LuteOrg / lute-v3

LUTE = Learning Using Texts: learn languages through reading.
https://luteorg.github.io/lute-manual/
MIT License
493 stars 46 forks source link

A better way to sort by difficulty #453

Open quinnlas opened 4 months ago

quinnlas commented 4 months ago

Is your feature request related to a problem? Please describe.

Despite being intermediate in my TL, I was having difficulty sorting the books I had uploaded to find the easiest one.

Describe the solution you'd like

I believe the best metric for book difficulty would be

Unique unknown words / Total words
Over a short number of pages

This reflects how often you will need to look words up while reading. It would be nice if you could sort the active book lists by this.

Describe alternatives you've considered

I ran the project from source and tried several alternatives, the above was by far the most useful for finding a good book to read. But here are my thoughts on the options I tried.

Unique unknown / unique total over 5 pages (default) This doesn't seem very useful to me. I think the denominator should definitely be total words since that takes into account the repetition of common words.

Unique unknown / unique total over the whole book This has the same issue while also being slower. I'm not suggesting to calculate stats over a large number of pages anyway. But I thought I'd mention that if a hashmap of unique words to their counts were saved for each book, it would be a lot quicker to calculate any "whole book" stats. So while this method was slow with a basic implementation, it wouldn't need to be with a better one. But still, not that useful.
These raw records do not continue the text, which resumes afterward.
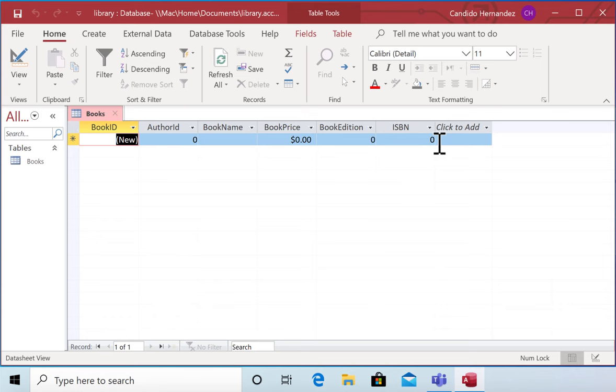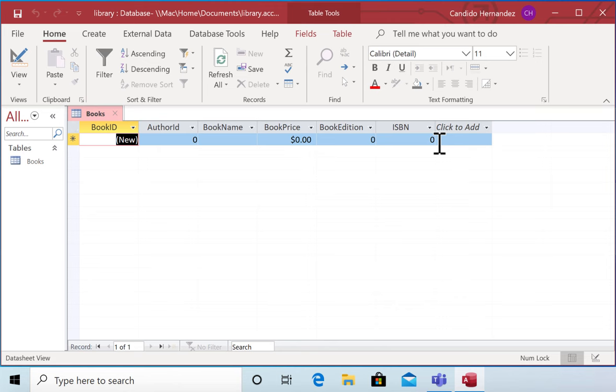This is the first thing that you need to do when you create a database. You have to build all your entities in a separate table. In the following videos, you're going to see how to create relationships and how to create queries, forms, and reports. I'm just going to give you the instructions in the comments to create the other table that you are going to need in order to complete your assignment. I'll see you in a minute. Thank you.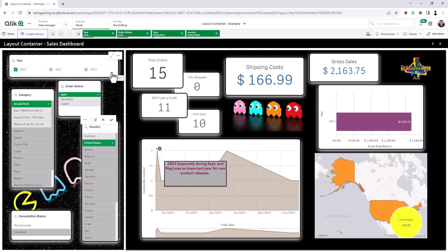All right, guys, so I'm looking forward to seeing what awesome dashboards you're going to create with this new capability. If you have something that you can share, or anything you want to talk about, please mention it in the comments below. Thanks for your time. And I will see you guys on the next video. Take care.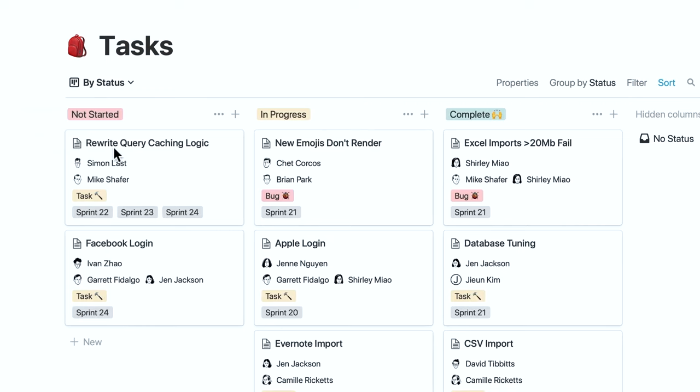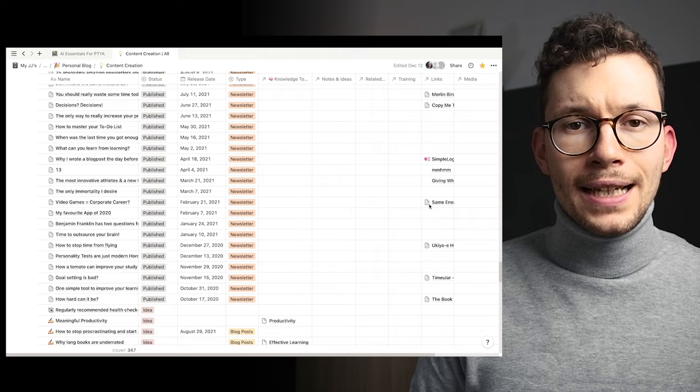When I first started using Notion everything was a big mess. Nothing really fit together. I kept trying to build a perfect life OS but every other day I just started from scratch because I didn't seem to get anywhere. It wasn't until I stopped trying to use it for everything and started to use it only to track my newsletters that something clicked.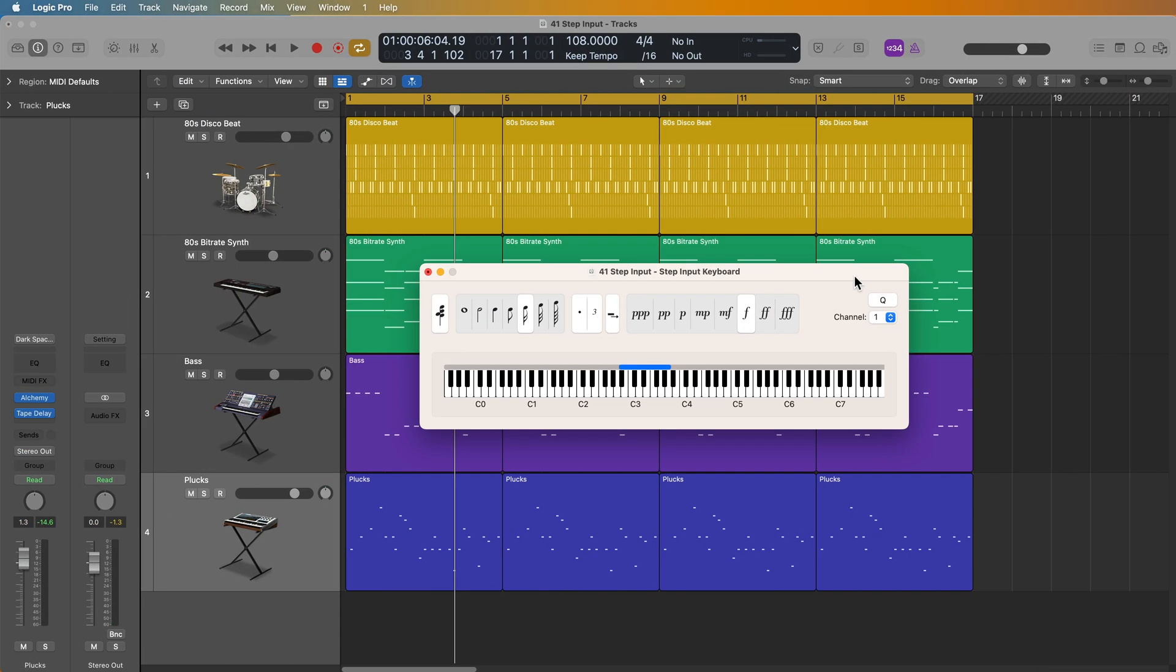That's how you can use step input in Logic Pro. It's not necessarily my favorite for entering notes in all situations. I mainly find it most helpful for entering in chord progressions. And like everything else in Logic, there are two or three different ways to do just about everything. So pick the workflow that works best for you. We're going to wrap up MIDI note entry methods in the next video with a very cool method called note repeat, which is great for entering in really fast rhythms, especially trap style hi hats. So stay tuned for that one.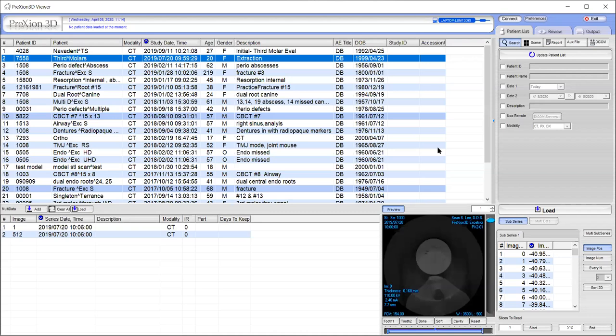So the first thing you'll want to do is launch your Prexion 3D Viewer software and once logged in you'll want to find your patient's file under your patient list. In this example I'm going to be using the second file listed under the name third molars.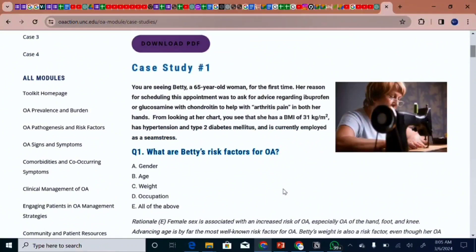Assuming we don't know the answer, it's just a case study. You are seeing Betty, a 65-year-old woman for the first time. Her reason for scheduling this appointment was to ask for advice regarding ibuprofen and glucosamine with chondroitin to help with arthritis pain in both her hands. From her chart, you see she has a BMI of 31 kg/m², hypertension, type 2 diabetes mellitus, and is currently employed as a seamstress. The question is: what are Betty's risk factors for osteoarthritis? Options include gender, age, weight, occupation, or all of the above.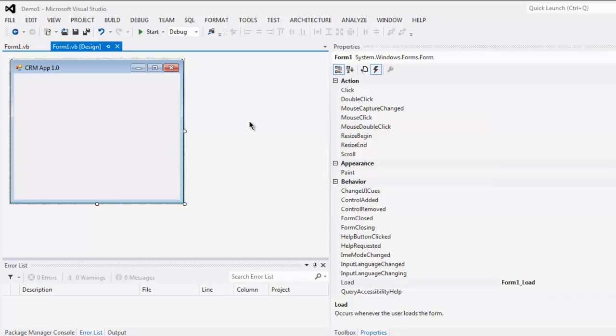Hi there. In this video, I'm going to show you how to set an application icon in your VB.NET Windows Form application. Open your project and you can see the default icon at the top left corner near your Windows Form title.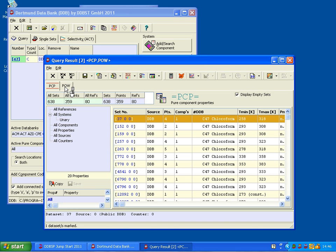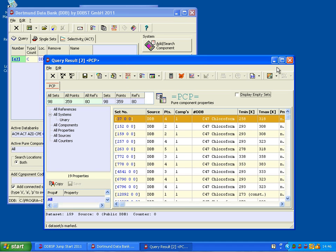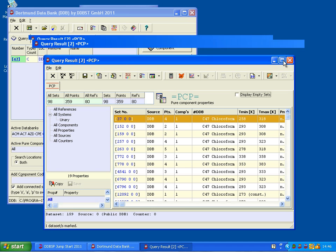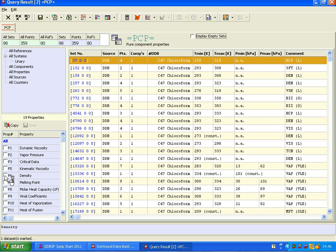Which is octanol water partition coefficients. Now I disable display empty sets. We only want to see the sets that are actually here on the computer, and not all the DDB.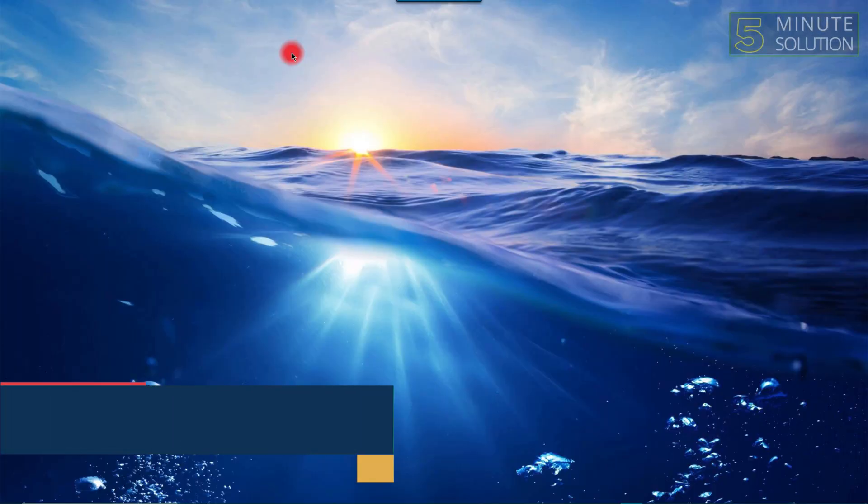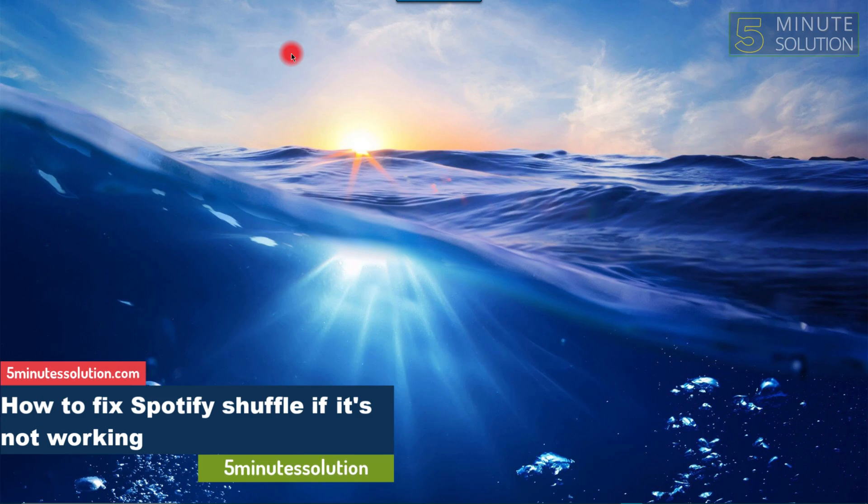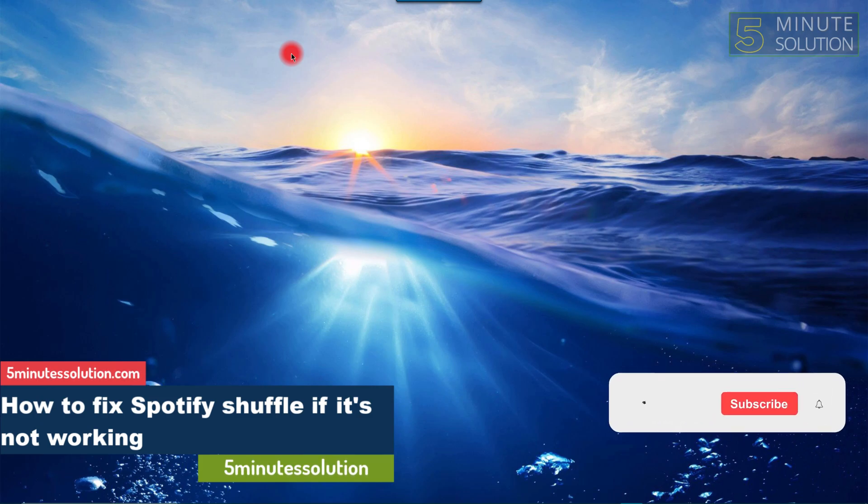Hello guys, welcome to 5-Minute Solutions. Today we will show you how to fix Spotify Shuffle.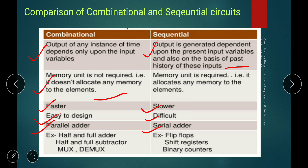In the next lecture, we will see what sequential circuits are and what are the counters. Thank you.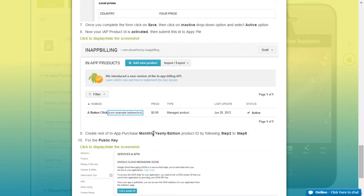Create the rest of the IDs, the monthly yearly ones with the same method.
Total unknown / total over the whole book The issue with "total unknown" is that it doesn't tell you how often they're repeated. Which in turn means that you don't know how many lookups you'll have to do. For example, I had a short wikipedia article with 54 new words, and 45 unique new words. The article was only 110 words long. Meaning that a very large percentage of them would need to be looked up. But you could have a book where the new words are repeated often, and you only need to look them up once each. That would be way easier, with the same calculated difficulty.

Unique unknown / total over the whole book This does give you the "lookup percent" across the whole book. The downside is that this heavily favors very long books. In my case, the TL translation of War and Peace. This is obviously not a good choice for an intermediate learner. But given a long enough book, almost all words will be repeated and bring down the calculated difficulty. But we really just want to know how difficult the book will be immediately when you start reading it.

Unique unknown / total over 5 pages (Winner) This works really well in my experience. The ideal number of pages I'm not sure of. But you would want it to be enough to compensate for progress on the current page, since that will bring down the number. Another idea could be to just skip the current page and use the next X pages.

Too low of an X value will not account for variation in difficulty between pages. But too high of a number would start to cause the issues of the previous method. 5 seemed to work well for me, in any case.

This metric doesn't account for variation of difficulty in say, different chapters of a book (or on any pages it didn't consider). But books tend to not have that, so I think it's ok.

jzohrab commented 3 months ago

@quinnlas - a belated thanks for this issue which dropped off my radar. Good analysis too, it's hard to find the right metric for something like this, especially since it combined a few dimensions (X unique items that can repeat Y times).

If the next 5 pages had 1000 words, with 2 unknown words repeated 10 times each, say, and the rest of the text consisting of 100 repeated words: Unique unknown / total over 5 pages = 0.002. Unique unknown / unique total over 5 pages = ~ 0.02

I think that currently the code does something like actually renders the pages and then does its calculation based on the statuses of the words it sees. This is important for languages that are character-based, because the characters get combined into multi-word terms. But your logic should still be fine.